> PROBLEM TO SOLVE
Using the listing below, give again exactly the lines from the line with "two beds in" to the line with "11715 Timber Ridge", inclusive, without the pictures.

> EXCERPTED DATA
+++
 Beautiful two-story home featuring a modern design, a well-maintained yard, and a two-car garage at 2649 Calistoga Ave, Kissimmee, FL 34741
+++
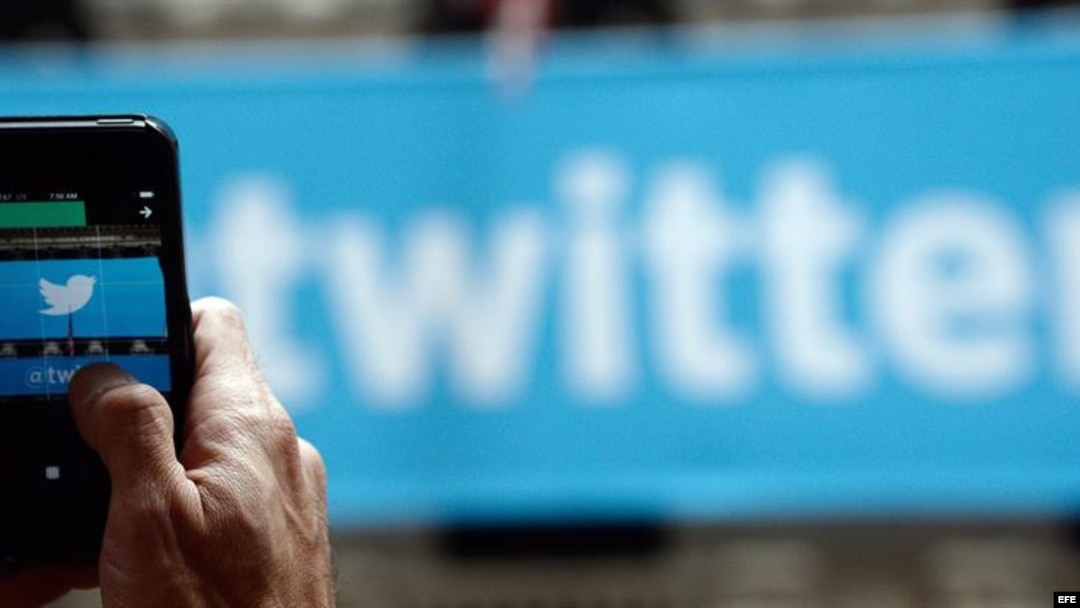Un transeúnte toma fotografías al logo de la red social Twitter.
+++
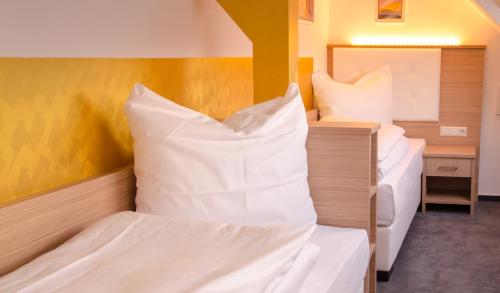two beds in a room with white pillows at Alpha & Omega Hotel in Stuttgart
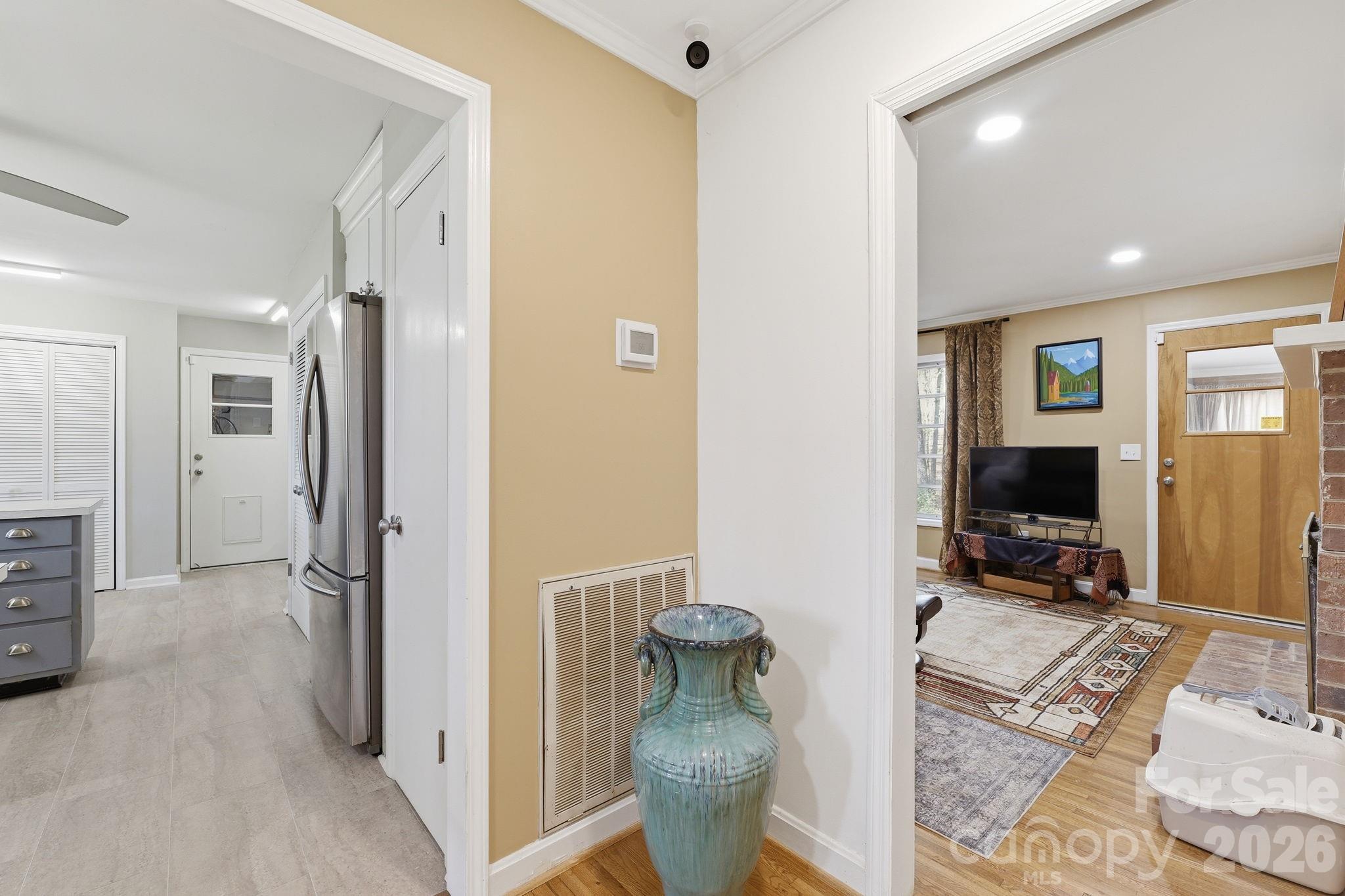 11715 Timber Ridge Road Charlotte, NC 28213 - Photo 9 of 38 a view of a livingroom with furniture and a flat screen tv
+++
> OUTPUT BELOW
two beds in a room with white pillows at Alpha & Omega Hotel in Stuttgart
 11715 Timber Ridge Road Charlotte, NC 28213 - Photo 9 of 38 a view of a livingroom with furniture and a flat screen tv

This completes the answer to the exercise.